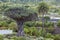 Icod Spain. 03-05-2019. Old millenary  Dragon Tree and Palm Tree at  Icod de los Vinos in Tenerife. Canary Islands.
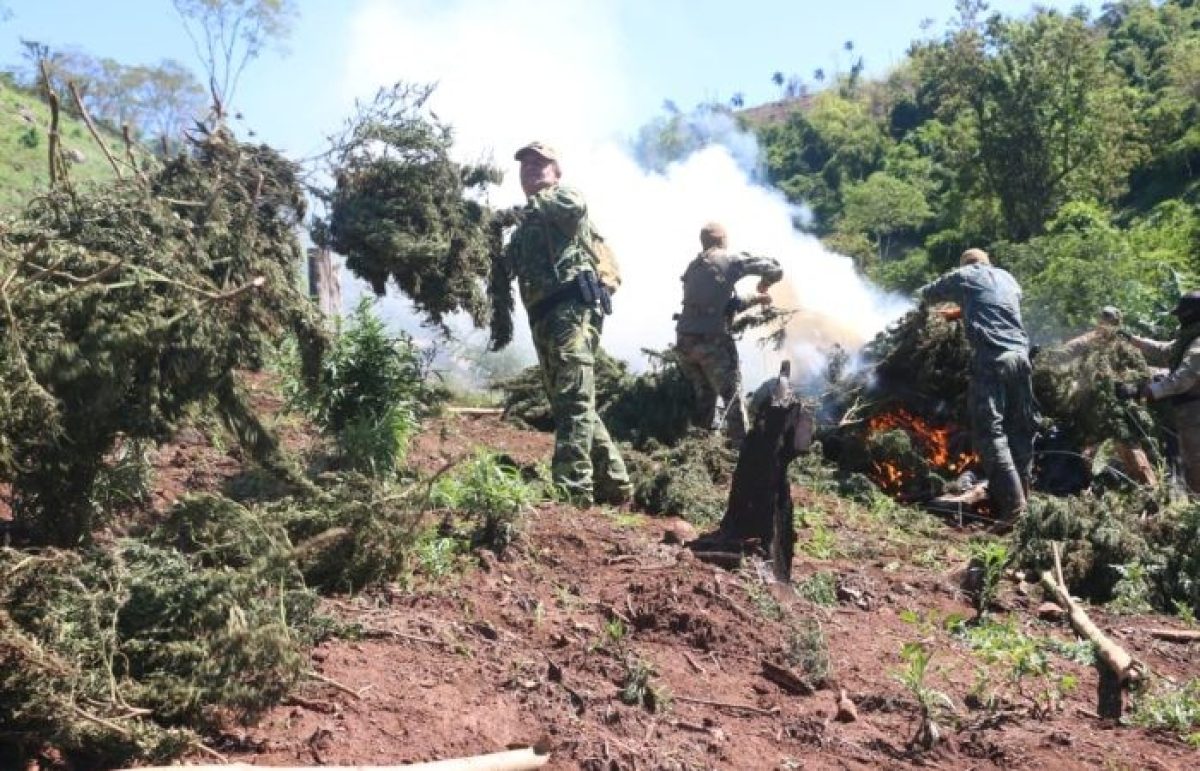 NUEVA ALIANZA 58: MÁS DE 422 TONELADAS DE MARIHUANA FUERA DE CIRCULACIÓN EN AMAMBAY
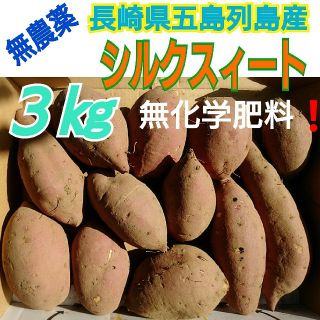 無農薬栽培❗《シルクスィート３㎏》長崎県五島列島より(野菜)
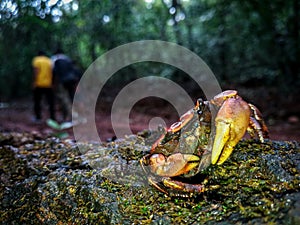 Fresh water crabs protecting its offspring from humans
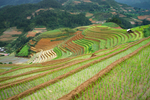 山村风景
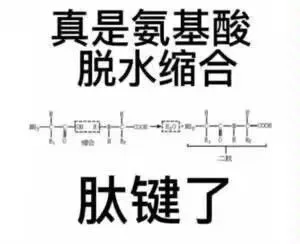 真是氨基酸脱水缩合肽键了（真是氨基酸脱水缩合肽键了）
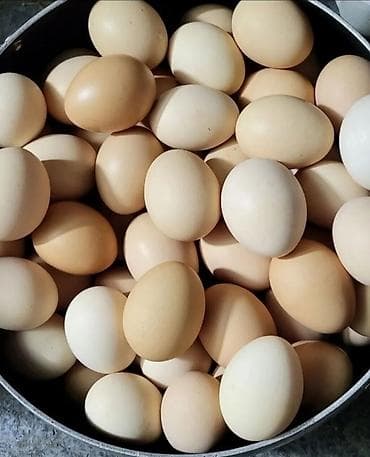 Yumurta: Salam.Mayali toyuq yumurtalarıdır. Cins toyuqların və kənd — 1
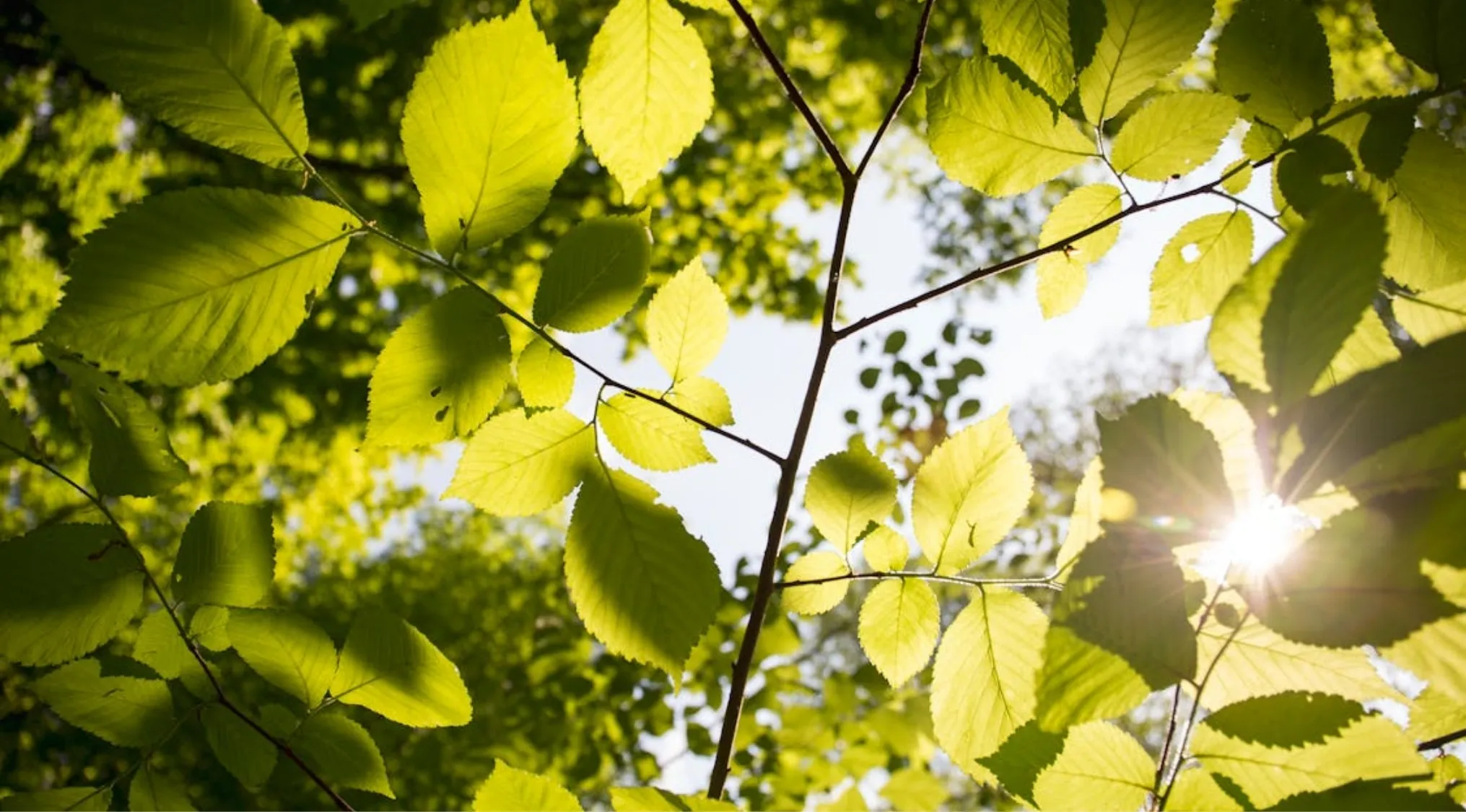 Green leaves illuminated by sunlight, illustrating plants releasing oxygen gas during photosynthesis process.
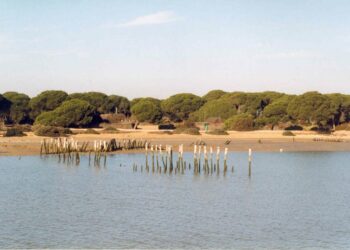 Moción de Participa para que se intensifique la lucha contras las amenazas que sufre Doñana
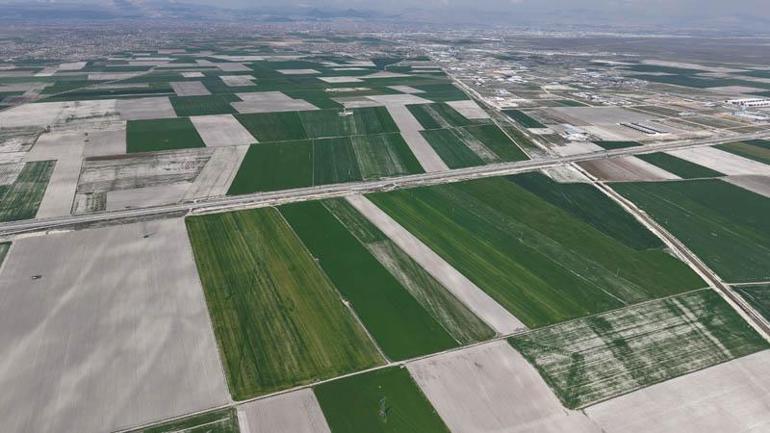 Konya Ovasında yağışlarla hububatta 500 bin ton rekolte artışı bekleniyor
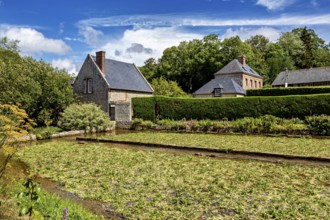 Wine-growing area with brick houses in front of a bright blue sky with white clouds, The historic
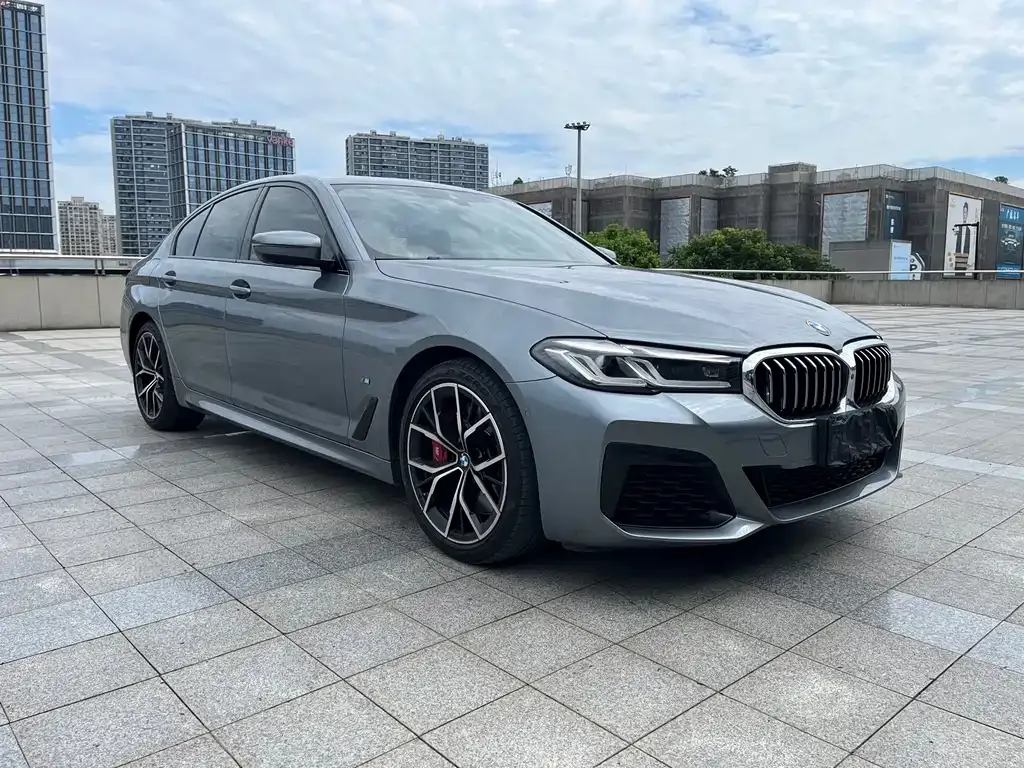 BMW 5 Series (Import) — фото 9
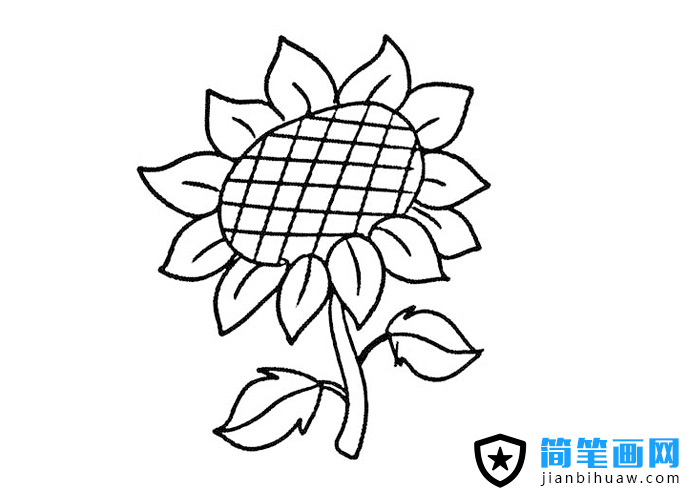 好看的向日葵简笔画图片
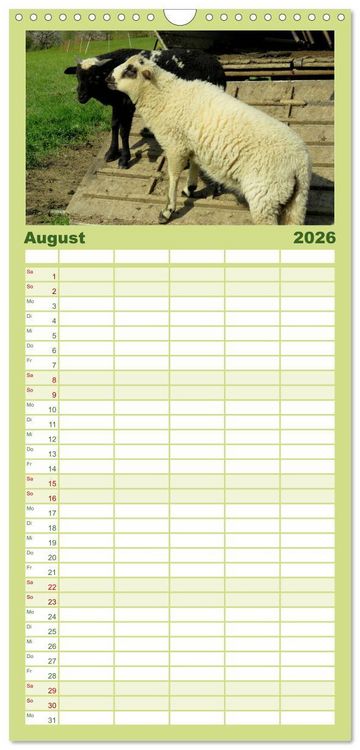 Produktbild: Familienplaner 2026 - Sch&auml;fchen z&auml;hlen - mit Schafen durchs Jahr mit 5 Spalten (Wandkalender, 21 x 45 cm) CALVENDO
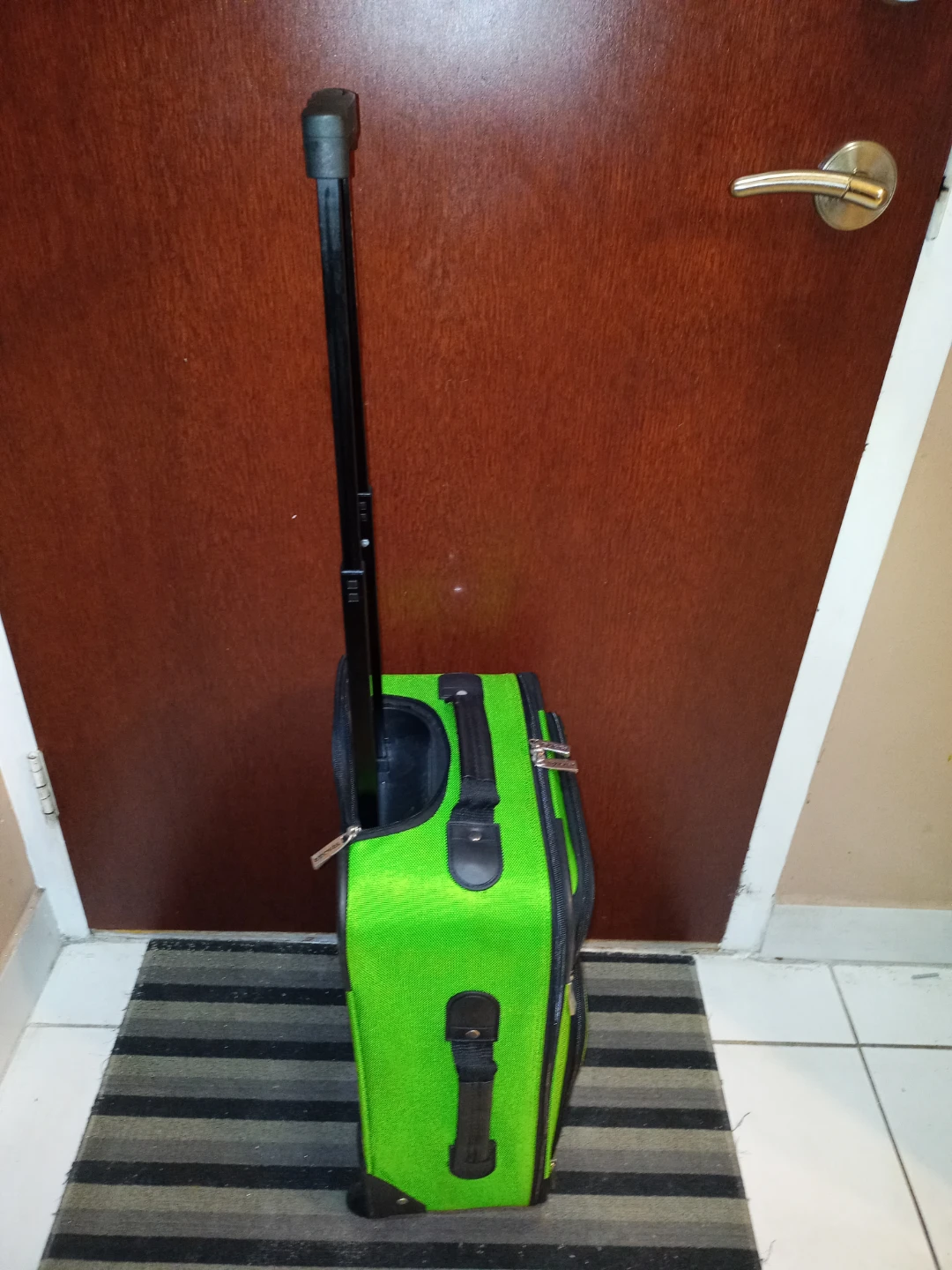 Small Luggage - photo 5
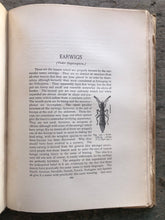 Load image into Gallery viewer, The Insect Book by Leland O. Howard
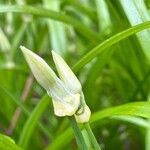 Allium paradoxum Virág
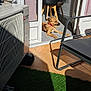 Libertad a rejoint le concours — aidez-le/la à gagner de superbes lots ! dog, brown_dog, red_collar, sunlight, indoor, outdoor, chair, buddha_statue, air_conditioner, grass, tile_floor, doorway, shadow, relaxing_dog, pet, home, furniture, window, daylight, floor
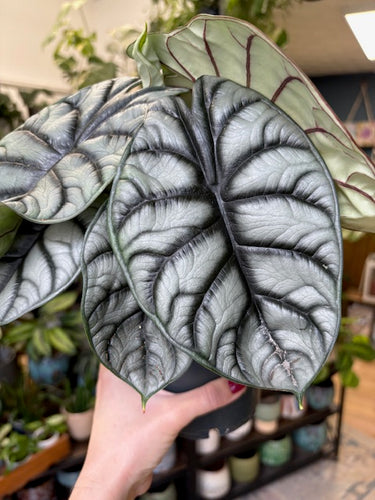 Alocasia 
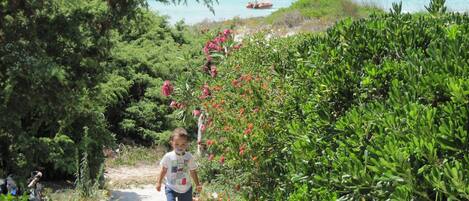 giardinetto sulla spiaggia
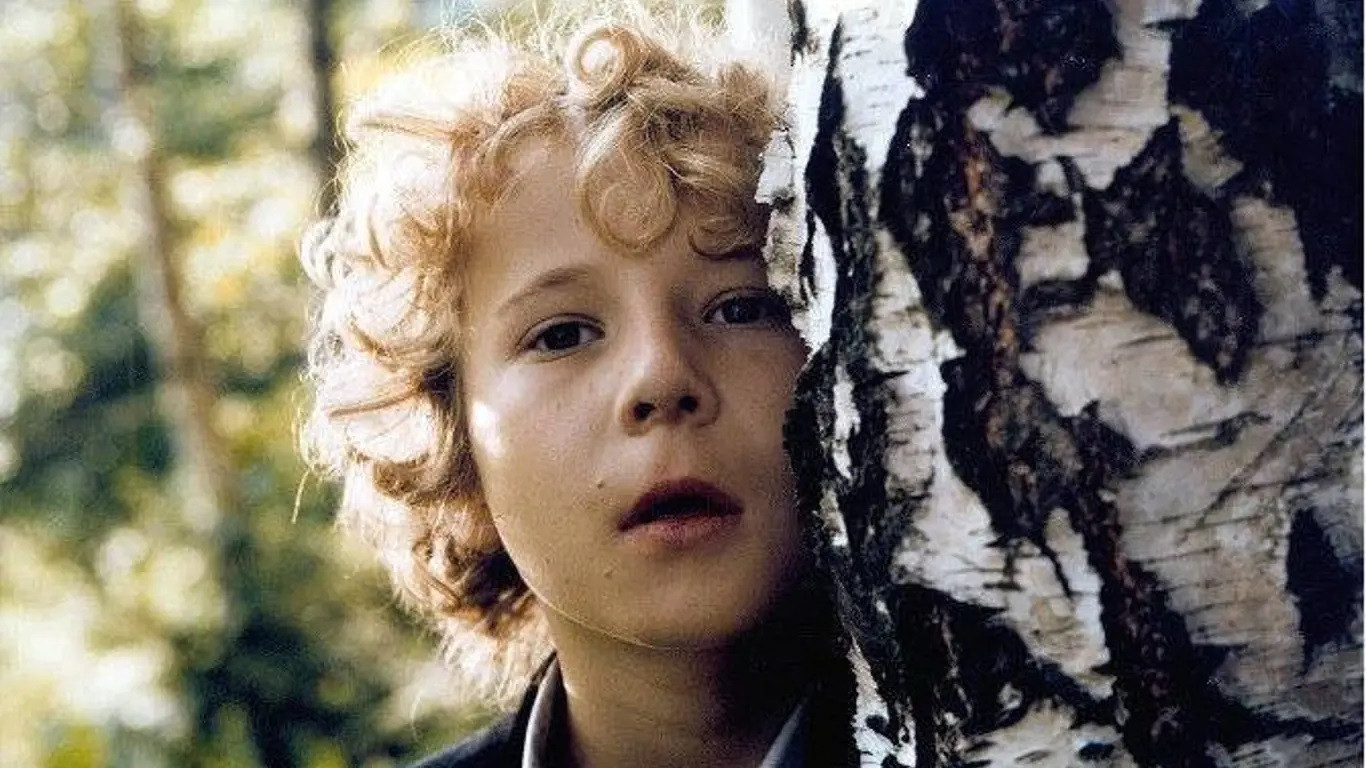 Backdrop for Blinker-Ciko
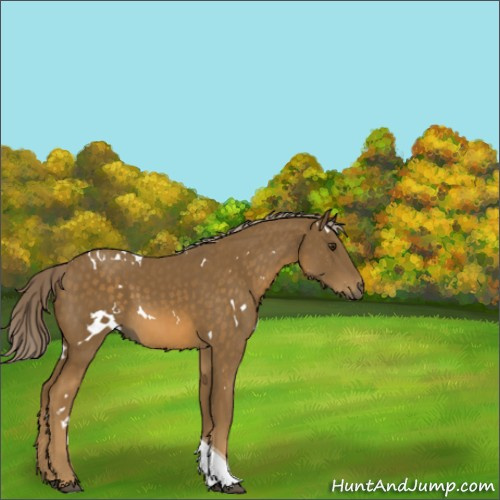 Horse Color:White Spotted Chocolate Palomino Tobiano 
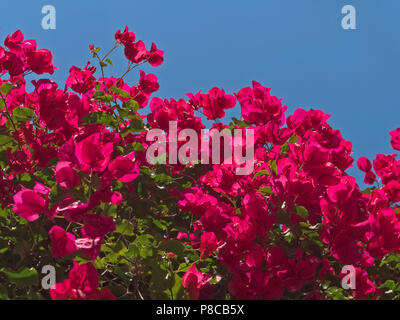 Magenta brattee della bougainvillea glabra, un vitigno ornamentali, visto nel Vescovo il giardino in Palma di Mallorca, Spagna. Foto Stock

········

- _What needs to be done_
Both the line above containing "Fresh water crabs" and the line containing "好看的向日葵简笔画图片" belong in the copy, along with every line between them; print these exactly and omit the pictures.

- _Answer area_
 Fresh water crabs protecting its offspring from humans
 山村风景
 真是氨基酸脱水缩合肽键了（真是氨基酸脱水缩合肽键了）
 Yumurta: Salam.Mayali toyuq yumurtalarıdır. Cins toyuqların və kənd — 1
 Green leaves illuminated by sunlight, illustrating plants releasing oxygen gas during photosynthesis process.
 Moción de Participa para que se intensifique la lucha contras las amenazas que sufre Doñana
 Konya Ovasında yağışlarla hububatta 500 bin ton rekolte artışı bekleniyor
 Wine-growing area with brick houses in front of a bright blue sky with white clouds, The historic
 BMW 5 Series (Import) — фото 9
 好看的向日葵简笔画图片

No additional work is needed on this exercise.